[EXERCISE OBJECTIVE] Give back the lines below exactly, but do not include any pictures.

Web page caption snippets:
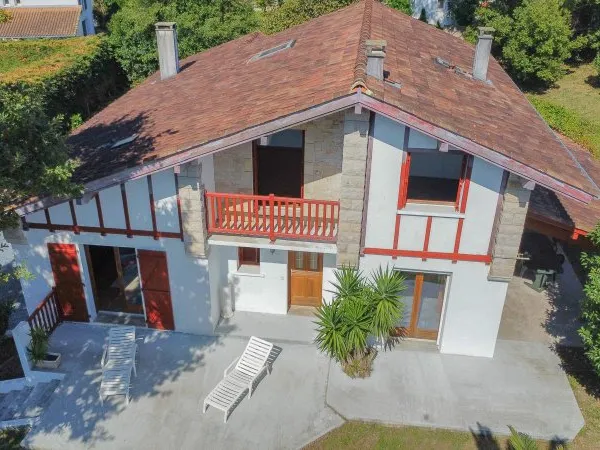 Maison Saint Pee Sur Nivelle 6 pièce(s) 165 m2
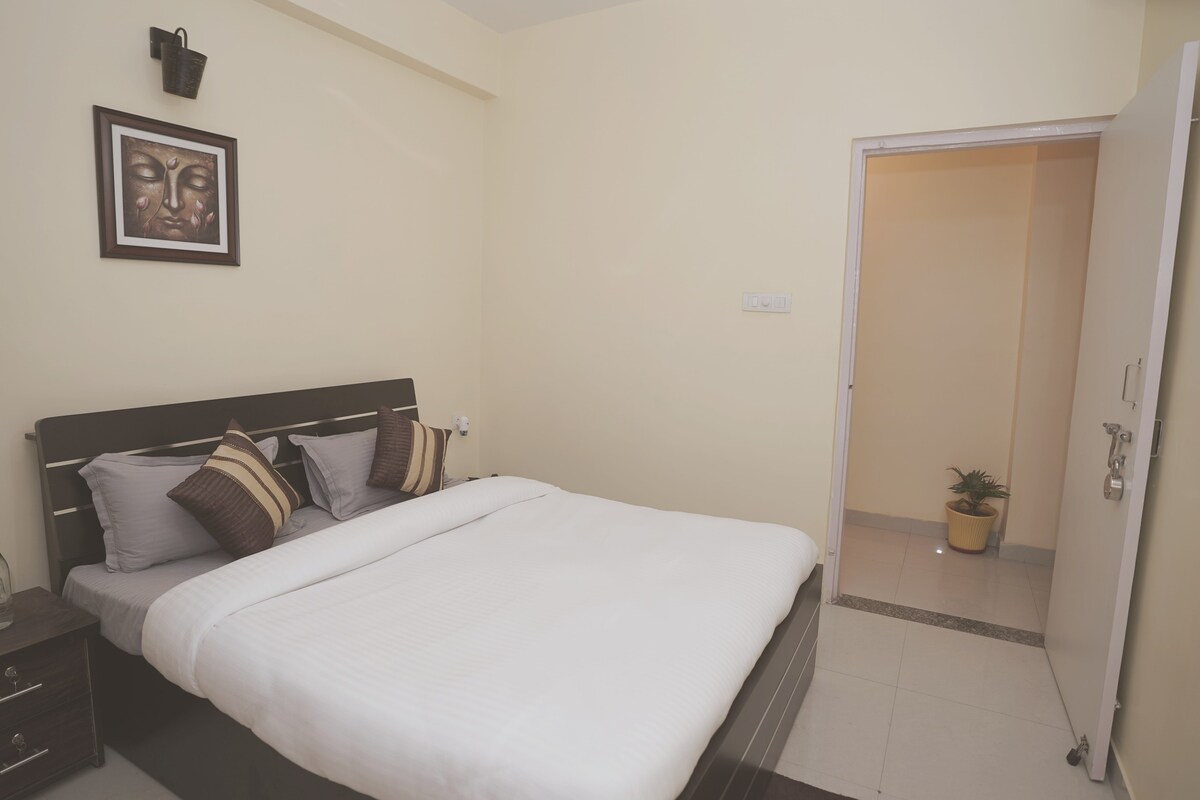 Gateway to Kashi - Two Bedroons shared Flat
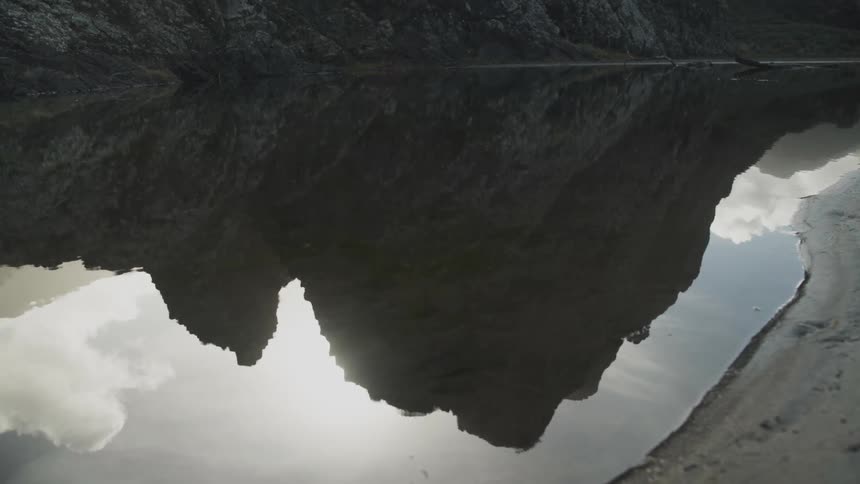 Reflection of a mountain reflected in a lake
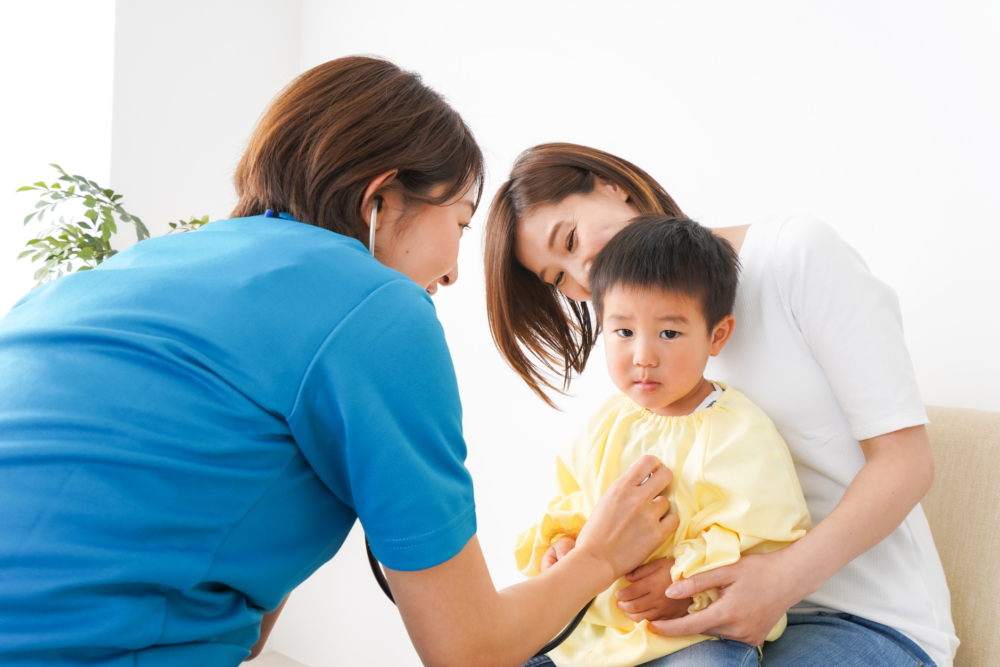 帶兒子去看醫生，醫生表示一切正常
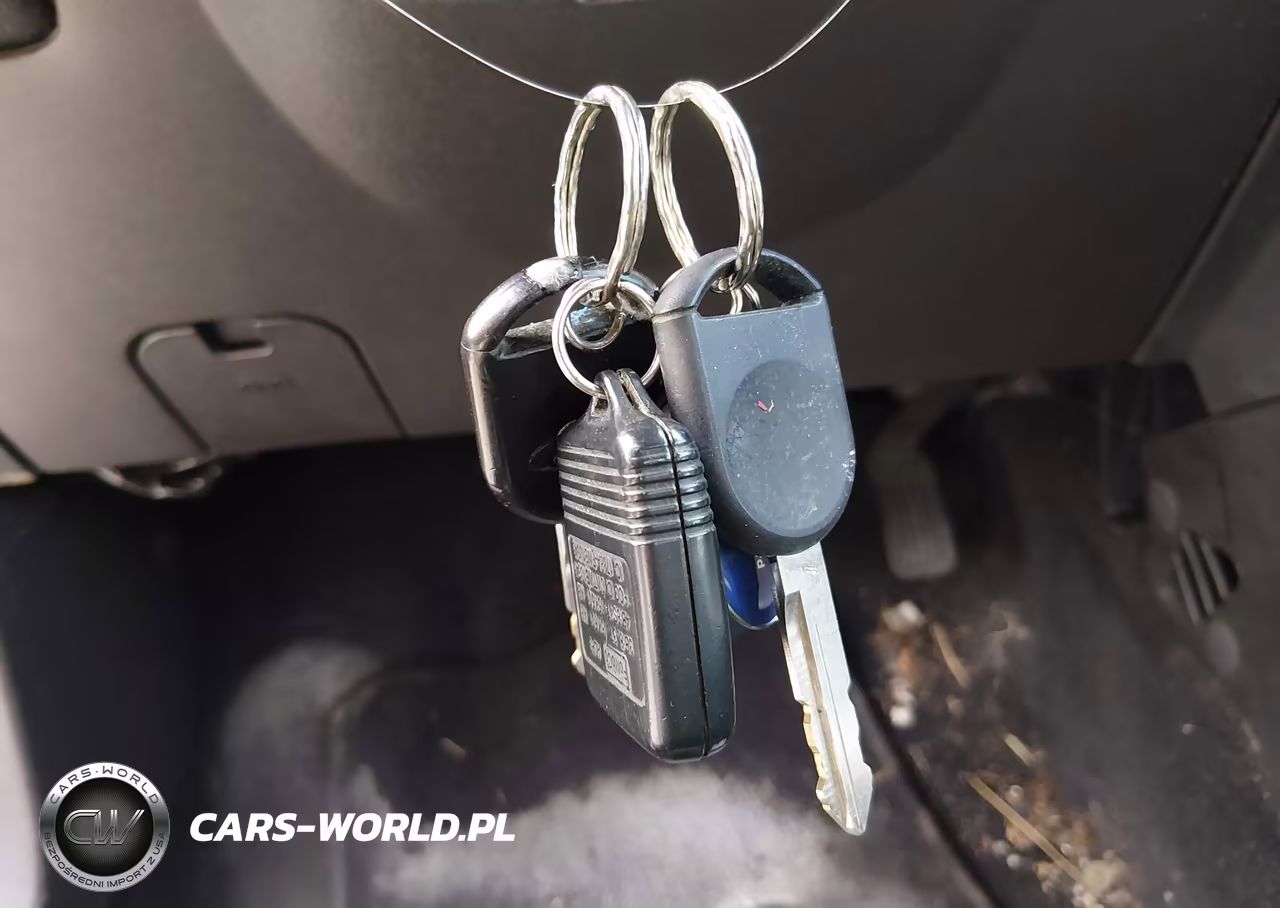 2008 Ford Focus Se-Ses VIN:1FAHP35N38W287899 - 11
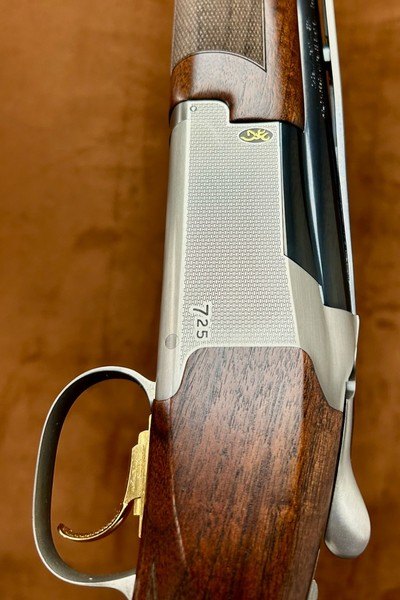 Browning 725 Sporting 12GA 32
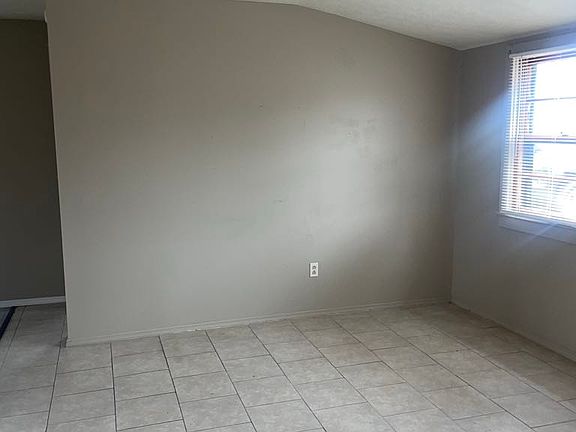 4th image of 2815 W 6th St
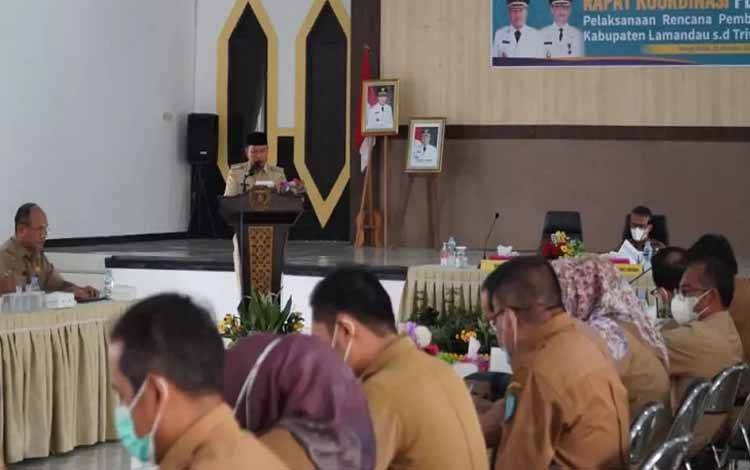 Bupati Hendra Lesmana membuka rapat koordinasi pimpinan OPD di lingkup Pemkab Lamandau. (FOTO : HENDI NURFALAH)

[YOUR RESPONSE]
 Maison Saint Pee Sur Nivelle 6 pièce(s) 165 m2
 Gateway to Kashi - Two Bedroons shared Flat
 Reflection of a mountain reflected in a lake
 帶兒子去看醫生，醫生表示一切正常
 2008 Ford Focus Se-Ses VIN:1FAHP35N38W287899 - 11
 Browning 725 Sporting 12GA 32
 4th image of 2815 W 6th St
 Bupati Hendra Lesmana membuka rapat koordinasi pimpinan OPD di lingkup Pemkab Lamandau. (FOTO : HENDI NURFALAH)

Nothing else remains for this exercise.